When the cab arrives, I search the bar for her, and just as I'm about to shrug at the cabdriver waiting in the doorway, the girl emerges from the bathroom. I wave, trying to get her attention,
but she isn't looking at me. Instead she turns away and heads to the pool room in the back. I signal the cabdriver to stay where he is, and go after her.
I find the girl leaning against one of the pool tables, and when I walk up to her, she gets a strange look on her face like she wonders who I am. Her boyfriend is back and he comes up to me. “What do you want?” he asks, sneering.
“Your cab is here,” I say to the girl.
“I don't need it,” she says, turning away.
“The driver's waiting out front,” I tell her, trying to persuade her to go home, where she'll be safe.
“Look, I already said I didn't want it. Are you deaf?” She scowls at me, and now her boyfriend moves in closer and I consider throwing him out, but I begin to feel a shift in loyalties on the girl's part and I turn and start to walk away. A hand grabs my arm and I whirl around, ready to deck the asshole, but it's the girl and she asks me: “Do you know where we can score some smack?”
I'm still hearing the girl's question when I'm back behind the bar, not so much the words, but how she asked it. Sometimes you can mistake unhappiness for despair.
Jane gets me into helping people and it turns out I'm a natural.
The first deal didn't turn out so well: I guess I'm not great with children.
I had been volunteering with Jane at the crisis nursery for only about a week when I hurt someone (it was an accident). I was playing along fine with the kids, running around and screaming, in and out of the miniature wood house, an old set piece from some play, donated by a local theater company. I had chased some kids into the house, ducking into the tiny front room, where the kids were pressed one on top of the other in the corner. I pretended like I was going to really get them, and this little Mexican kid started kicking me in the leg. I yelled at him to stop, which made the kids laugh, and this little Mexican kid kept doing it until I put my hand on his head and pushed him back against the wall.

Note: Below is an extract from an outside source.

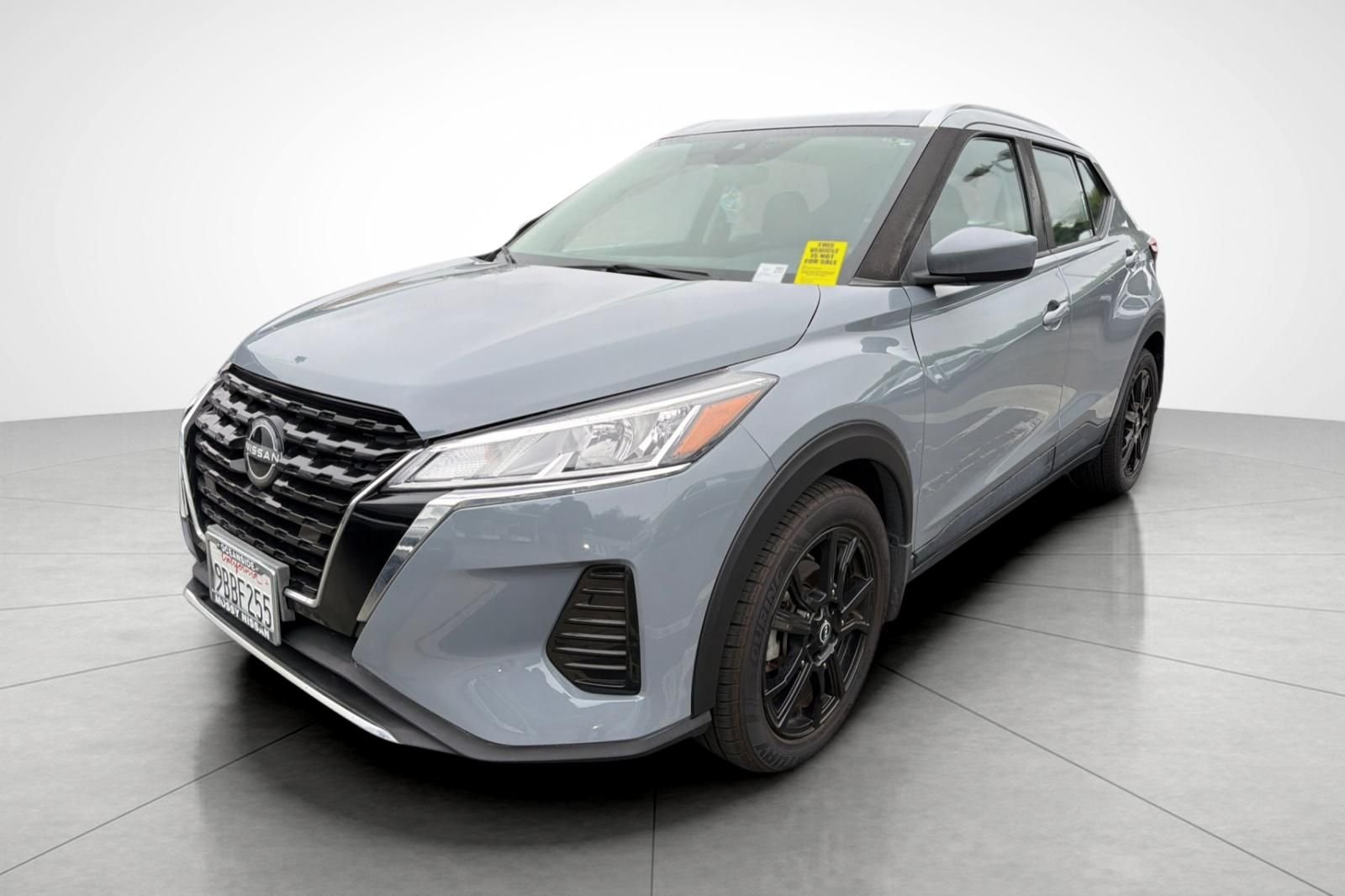 Used 2022 Nissan Kicks SV with VIN 3N1CP5CV7NL506614 for sale in Laguna Niguel, CA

Of course there was a big stink about who did what. The little Mexican kid accused me of hitting him. I said the little Mexican kid fell. I said I was sorry about it. I said I felt bad. I think they believed me, but I didn't get to help out at the nursery anymore.
I told Jane this story (minus what I did to the Mexican kid), and she suggested I volunteer for the March of Dimes Bowl-A-Rama, which turned out to be a right-on suggestion.

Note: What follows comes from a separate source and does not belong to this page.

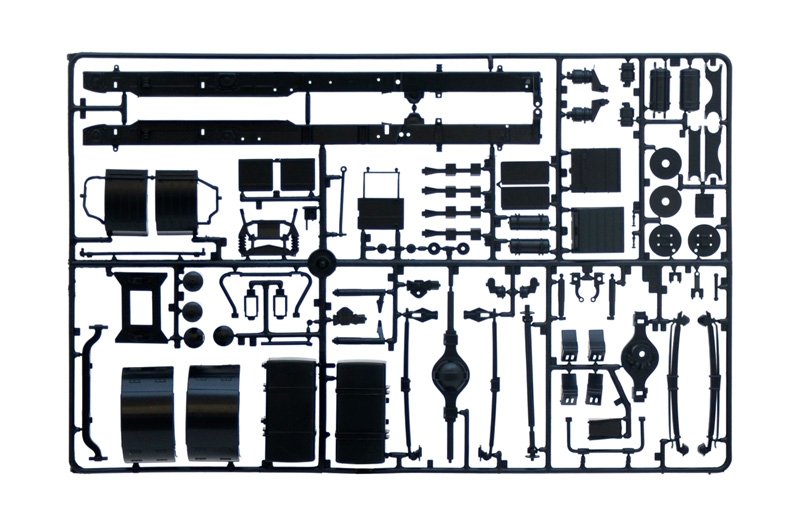 Italeri 3907 VOLVO FH16 520 SLEEPER CAB – immagine 5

“Thanks for coming,” Katherine said.
“Glad to help out,” I said grandly.
“We've got several volunteers for today,” Katherine said. “If you like it, maybe you'll think about staying on.”
“Sure,” I said. “We'll see.”
I was assigned to a girl named Janice. Janice couldn't talk very well and walked like she might pitch forward or backward, depending on how you looked at her. And she couldn't stop smiling.
Janice seemed to like me right away, and I helped her with her bowling. The March of Dimes had these special ramps set up in front of the lanes that looked like slides at the water park.